[Crawled caption data]
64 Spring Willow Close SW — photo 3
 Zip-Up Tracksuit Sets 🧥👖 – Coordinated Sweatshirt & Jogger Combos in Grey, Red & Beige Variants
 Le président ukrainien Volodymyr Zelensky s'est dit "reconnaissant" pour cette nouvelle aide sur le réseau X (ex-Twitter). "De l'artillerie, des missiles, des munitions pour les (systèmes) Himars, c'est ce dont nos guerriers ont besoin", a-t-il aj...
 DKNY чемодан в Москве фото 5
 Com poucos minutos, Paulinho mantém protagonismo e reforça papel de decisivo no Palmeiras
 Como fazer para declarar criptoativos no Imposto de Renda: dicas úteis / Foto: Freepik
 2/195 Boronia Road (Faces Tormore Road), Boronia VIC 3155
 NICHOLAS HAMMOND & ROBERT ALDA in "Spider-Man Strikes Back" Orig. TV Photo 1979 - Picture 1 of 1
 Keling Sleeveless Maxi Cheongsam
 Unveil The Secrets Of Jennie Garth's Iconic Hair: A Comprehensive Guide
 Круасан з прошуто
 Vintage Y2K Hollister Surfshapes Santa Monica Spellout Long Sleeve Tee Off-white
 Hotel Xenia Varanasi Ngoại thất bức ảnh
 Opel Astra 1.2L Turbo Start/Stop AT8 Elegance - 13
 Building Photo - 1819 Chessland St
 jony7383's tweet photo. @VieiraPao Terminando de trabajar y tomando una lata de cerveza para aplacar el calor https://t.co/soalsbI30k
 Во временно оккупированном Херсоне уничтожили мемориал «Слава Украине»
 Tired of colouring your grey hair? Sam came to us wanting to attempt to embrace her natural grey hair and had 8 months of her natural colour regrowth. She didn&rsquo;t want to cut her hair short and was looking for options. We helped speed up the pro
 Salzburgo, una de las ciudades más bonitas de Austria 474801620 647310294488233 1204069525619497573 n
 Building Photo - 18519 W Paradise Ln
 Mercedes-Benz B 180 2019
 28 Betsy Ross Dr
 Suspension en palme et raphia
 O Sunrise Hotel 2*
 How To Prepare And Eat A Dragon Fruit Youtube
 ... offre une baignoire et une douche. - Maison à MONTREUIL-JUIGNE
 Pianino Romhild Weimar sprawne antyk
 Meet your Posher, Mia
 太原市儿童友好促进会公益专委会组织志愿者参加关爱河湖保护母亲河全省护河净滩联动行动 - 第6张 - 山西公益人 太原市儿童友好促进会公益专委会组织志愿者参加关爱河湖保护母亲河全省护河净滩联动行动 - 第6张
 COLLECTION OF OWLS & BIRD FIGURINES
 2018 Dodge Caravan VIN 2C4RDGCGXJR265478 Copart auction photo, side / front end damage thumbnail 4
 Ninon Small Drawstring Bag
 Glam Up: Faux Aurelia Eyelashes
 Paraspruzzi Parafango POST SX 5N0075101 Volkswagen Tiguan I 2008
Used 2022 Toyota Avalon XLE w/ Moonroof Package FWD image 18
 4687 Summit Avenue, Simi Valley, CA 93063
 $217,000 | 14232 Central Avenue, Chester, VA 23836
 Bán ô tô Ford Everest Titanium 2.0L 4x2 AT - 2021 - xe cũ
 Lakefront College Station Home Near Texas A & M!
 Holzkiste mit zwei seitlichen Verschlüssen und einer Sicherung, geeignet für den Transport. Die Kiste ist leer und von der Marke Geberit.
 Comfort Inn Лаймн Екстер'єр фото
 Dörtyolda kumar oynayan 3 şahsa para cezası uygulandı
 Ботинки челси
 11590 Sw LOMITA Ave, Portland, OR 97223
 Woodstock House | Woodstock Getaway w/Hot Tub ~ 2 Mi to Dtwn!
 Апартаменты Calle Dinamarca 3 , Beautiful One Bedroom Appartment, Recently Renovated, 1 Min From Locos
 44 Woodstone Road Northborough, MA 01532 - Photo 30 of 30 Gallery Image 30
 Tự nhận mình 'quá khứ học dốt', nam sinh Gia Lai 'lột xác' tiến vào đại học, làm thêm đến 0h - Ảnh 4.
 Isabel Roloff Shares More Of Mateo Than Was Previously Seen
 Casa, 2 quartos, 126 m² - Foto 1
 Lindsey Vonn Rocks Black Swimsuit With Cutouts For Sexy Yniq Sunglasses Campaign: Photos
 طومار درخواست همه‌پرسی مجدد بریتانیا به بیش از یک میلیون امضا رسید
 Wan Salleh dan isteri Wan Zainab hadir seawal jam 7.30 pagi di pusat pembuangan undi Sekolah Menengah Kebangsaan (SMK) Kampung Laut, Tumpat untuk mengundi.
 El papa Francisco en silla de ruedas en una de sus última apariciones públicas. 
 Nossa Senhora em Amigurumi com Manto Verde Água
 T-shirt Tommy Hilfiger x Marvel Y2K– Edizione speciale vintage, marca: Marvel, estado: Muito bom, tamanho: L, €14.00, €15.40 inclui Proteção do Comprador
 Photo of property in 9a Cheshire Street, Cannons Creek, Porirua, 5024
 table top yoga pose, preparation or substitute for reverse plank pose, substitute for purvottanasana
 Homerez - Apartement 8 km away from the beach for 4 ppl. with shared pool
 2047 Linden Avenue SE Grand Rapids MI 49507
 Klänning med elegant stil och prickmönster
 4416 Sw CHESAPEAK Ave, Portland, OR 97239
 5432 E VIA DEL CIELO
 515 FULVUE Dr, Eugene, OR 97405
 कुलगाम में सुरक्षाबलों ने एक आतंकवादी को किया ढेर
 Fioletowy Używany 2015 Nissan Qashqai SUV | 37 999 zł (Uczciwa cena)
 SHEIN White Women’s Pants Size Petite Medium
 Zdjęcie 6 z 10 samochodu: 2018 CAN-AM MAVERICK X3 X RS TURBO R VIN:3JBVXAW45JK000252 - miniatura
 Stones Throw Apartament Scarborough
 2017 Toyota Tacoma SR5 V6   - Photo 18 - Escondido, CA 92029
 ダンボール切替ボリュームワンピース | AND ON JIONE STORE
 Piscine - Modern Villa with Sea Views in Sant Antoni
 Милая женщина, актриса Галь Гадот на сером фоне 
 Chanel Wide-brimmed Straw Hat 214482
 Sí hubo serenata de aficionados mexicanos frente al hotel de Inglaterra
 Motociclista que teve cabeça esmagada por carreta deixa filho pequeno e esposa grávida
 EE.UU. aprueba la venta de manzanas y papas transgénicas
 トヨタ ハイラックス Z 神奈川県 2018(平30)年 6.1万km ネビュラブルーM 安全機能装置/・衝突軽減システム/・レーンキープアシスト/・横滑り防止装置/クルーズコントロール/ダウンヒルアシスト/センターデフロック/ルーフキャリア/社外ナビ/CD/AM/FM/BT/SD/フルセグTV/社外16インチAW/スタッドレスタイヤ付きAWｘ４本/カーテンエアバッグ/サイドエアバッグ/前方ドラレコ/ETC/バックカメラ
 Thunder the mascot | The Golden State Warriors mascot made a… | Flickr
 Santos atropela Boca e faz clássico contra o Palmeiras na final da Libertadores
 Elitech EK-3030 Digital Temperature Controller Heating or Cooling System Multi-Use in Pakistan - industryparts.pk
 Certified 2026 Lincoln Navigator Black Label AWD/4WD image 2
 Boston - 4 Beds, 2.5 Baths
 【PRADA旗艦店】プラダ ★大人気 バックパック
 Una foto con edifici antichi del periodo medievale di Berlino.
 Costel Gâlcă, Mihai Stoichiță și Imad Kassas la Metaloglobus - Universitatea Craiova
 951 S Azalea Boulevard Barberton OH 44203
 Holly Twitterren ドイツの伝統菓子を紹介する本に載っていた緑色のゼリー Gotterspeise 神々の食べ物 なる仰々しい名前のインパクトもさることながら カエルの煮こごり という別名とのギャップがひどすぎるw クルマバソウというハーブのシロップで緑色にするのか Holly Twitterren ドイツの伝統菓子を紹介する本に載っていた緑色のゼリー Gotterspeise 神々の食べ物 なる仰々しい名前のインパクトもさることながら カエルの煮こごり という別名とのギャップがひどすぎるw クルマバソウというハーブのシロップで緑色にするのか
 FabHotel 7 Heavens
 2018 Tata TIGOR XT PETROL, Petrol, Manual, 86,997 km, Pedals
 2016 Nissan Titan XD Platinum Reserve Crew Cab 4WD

Directions:
All lines holding the word "Nissan" must be copied from the data.

Result:
 Fioletowy Używany 2015 Nissan Qashqai SUV | 37 999 zł (Uczciwa cena)
 2016 Nissan Titan XD Platinum Reserve Crew Cab 4WD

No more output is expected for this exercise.